- _Work request_
Please write out the listing exactly, leaving each picture out.

- _Recorded data_
++++++++++++++++++++
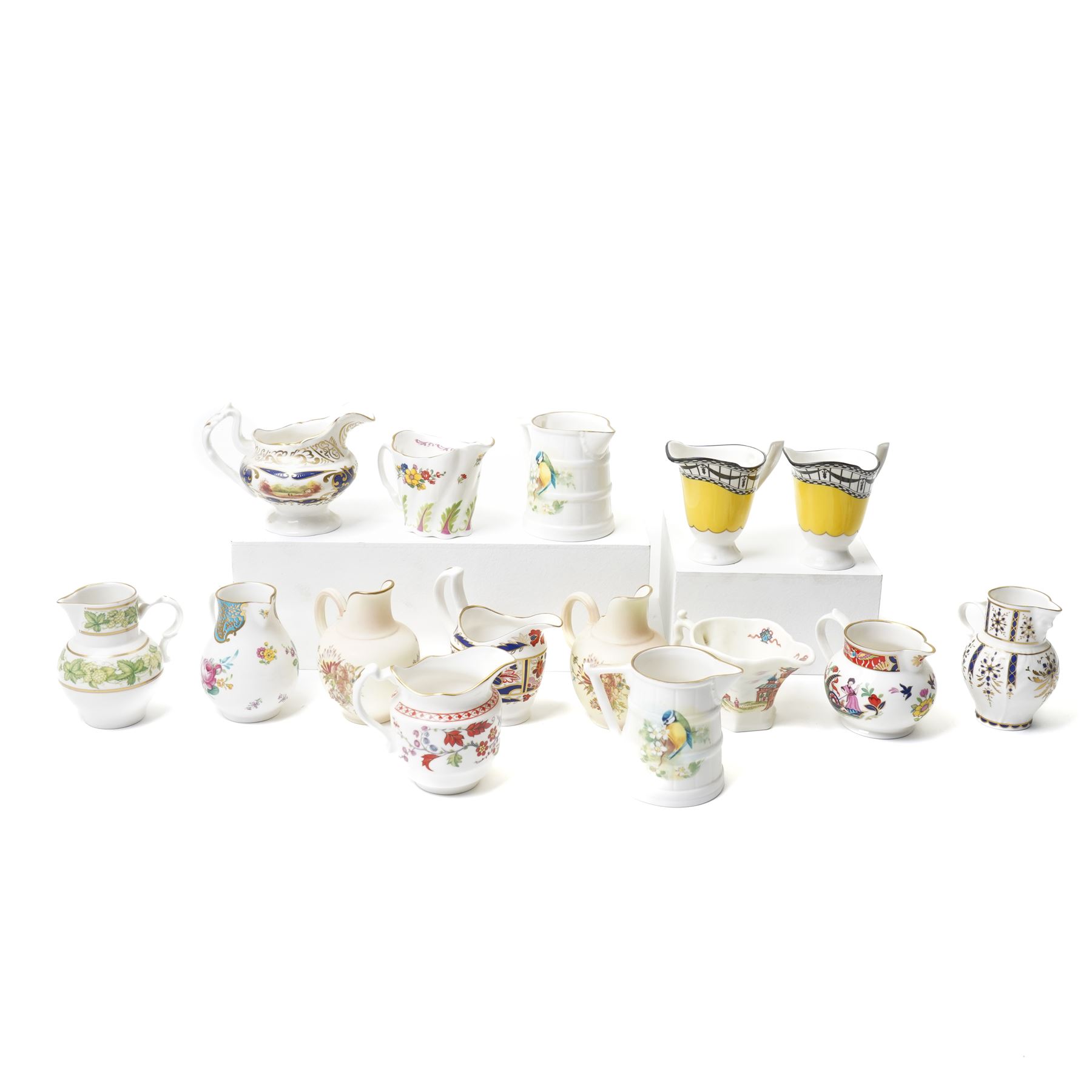 Set of twelve Worcester Historical Jug Collection together with additional Rail and Chain, Blush Ivory and Kingfisher Barrel  pattern jugs, boxed (15)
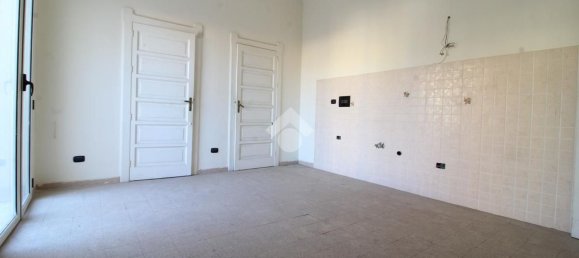 4 rooms Apartment in Reggio Calabria, Italy No. 301906 9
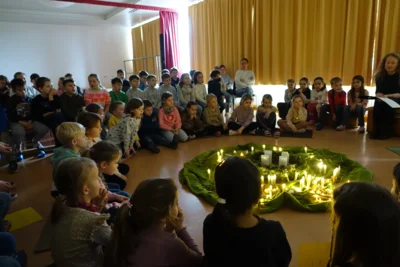 Adventsbesinnung in der Grundschule (Bild vergr&ouml;&szlig;ern)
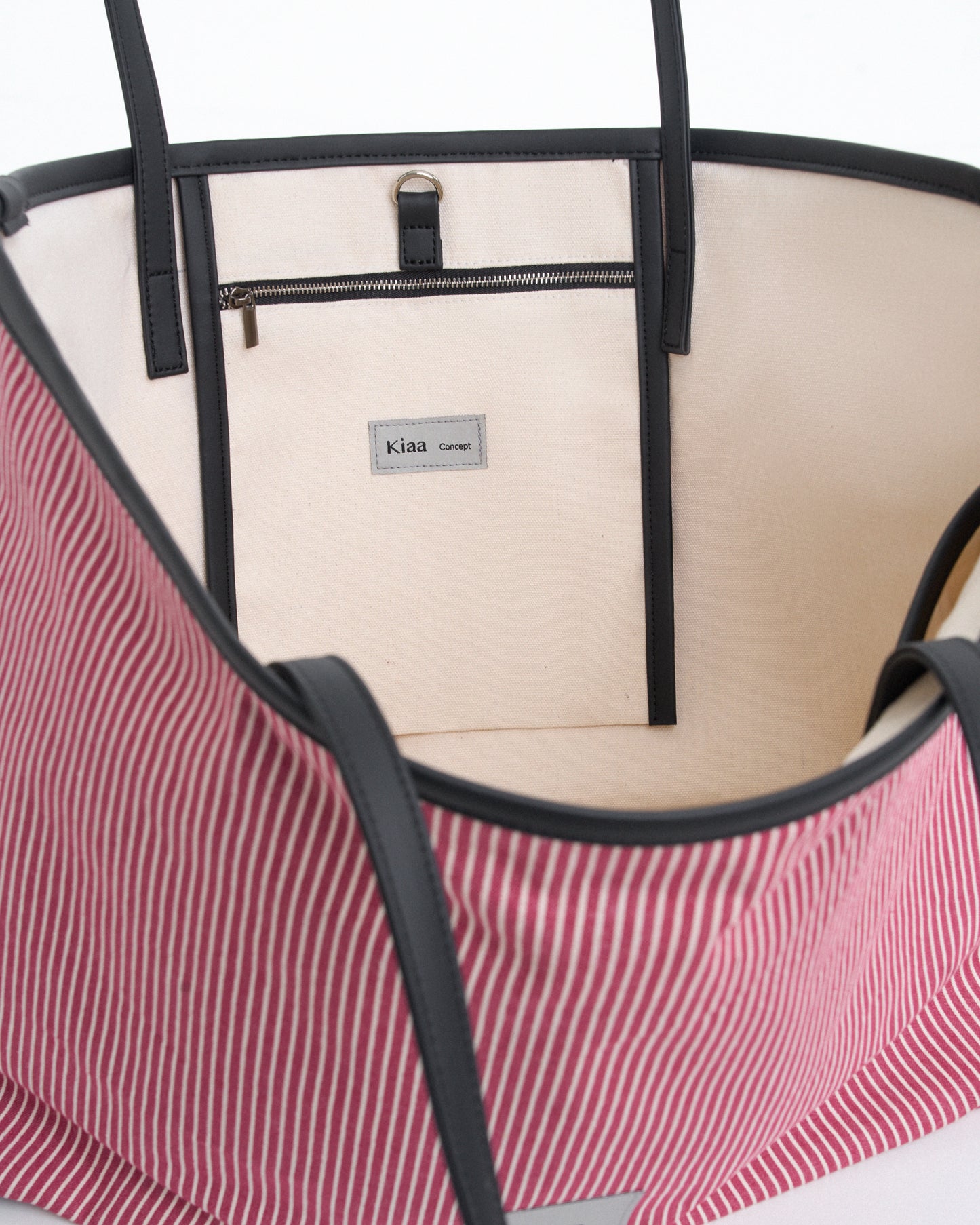 Làn | Small Red Striped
++++++++++++++++++++
- _Result of this exercise_
 Set of twelve Worcester Historical Jug Collection together with additional Rail and Chain, Blush Ivory and Kingfisher Barrel  pattern jugs, boxed (15)
 4 rooms Apartment in Reggio Calabria, Italy No. 301906 9
 Adventsbesinnung in der Grundschule (Bild vergr&ouml;&szlig;ern)
 Làn | Small Red Striped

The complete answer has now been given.